Based on a true story

I don’t watch many films but when I choose to see one it’s likely because it depicts actual historical events…Apollo 13, Schindler’s List, Bridge of Spies, Hidden Figures. I don’t care much for fantasy. But even these “factual” films end up fantasizing a bit with the details in order to heighten the drama or fill in the unknown. So they’re “based on a true story,” not literally and exactly true stories themselves.

Christmas is based on a true story also. Many fanciful and superfluous dramatic details have swollen and distorted the story, the most obvious of which is the whole Santa nonsense, but there is raw truth underneath all the cooked up falsities. The question for all of us this, and every, Christmas is…do we know what that truth is and do we care?

Okay…that’s technically two questions. I like your attention to detail and fondness for facts. See, that’s what I’m talking about, and that’s what would make the world a better place. My utopian ideal is a population stubbornly insistent on knowing, valuing, and propagating truth. Not that engaging in fantasy would be frowned on, but that it would be seen for what it is – NOT the truth. I wouldn’t be such a scrooge about Santa if parents weren’t passing him off as bona fide truth to their trusting children.

Of course, it’s not just the Santa myth that distorts the truth about Christmas. It’s the focus on buying the perfect gift, having the best lighting display on the block, or putting on the most elaborate holiday party. I’m just as guilty here as anyone else.

But the fantastical figures and consuming consumerism overshadow and effectively hide the simple but eternally significant kernel of truth of Christmas even though it’s right there in the word itself. Christ. As in, Jesus Christ…Savior of the world. Remember him?

True story: The Author of life entered into the world he created in much the same way as any of us did, except without the sexual act. He miraculously (because if there is a God then miracles are possible) became truly human, even as he remained truly God, so that he could take on himself our penalty for sin. That’s “our” as in every single human being who’s ever lived or will live. Only a God-Man could do that.

And only a God who loves us with an everlasting love WOULD do that.

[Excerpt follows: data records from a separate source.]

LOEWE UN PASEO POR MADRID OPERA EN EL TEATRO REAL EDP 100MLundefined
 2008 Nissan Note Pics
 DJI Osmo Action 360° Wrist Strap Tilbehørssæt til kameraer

So Christmas Day is when we remember and celebrate the birth of Christ, the Messiah…an actual, historical event, however uncertain the day and year may be. He lived, he died, he was resurrected…all these facts can be reasonably established from the evidence. The Son of God became one of us so that we can become one with him. That’s what Christmas is all about, Charlie Brown.

And isn’t that the most magnificently wonderful truth to remember and celebrate at least once a year?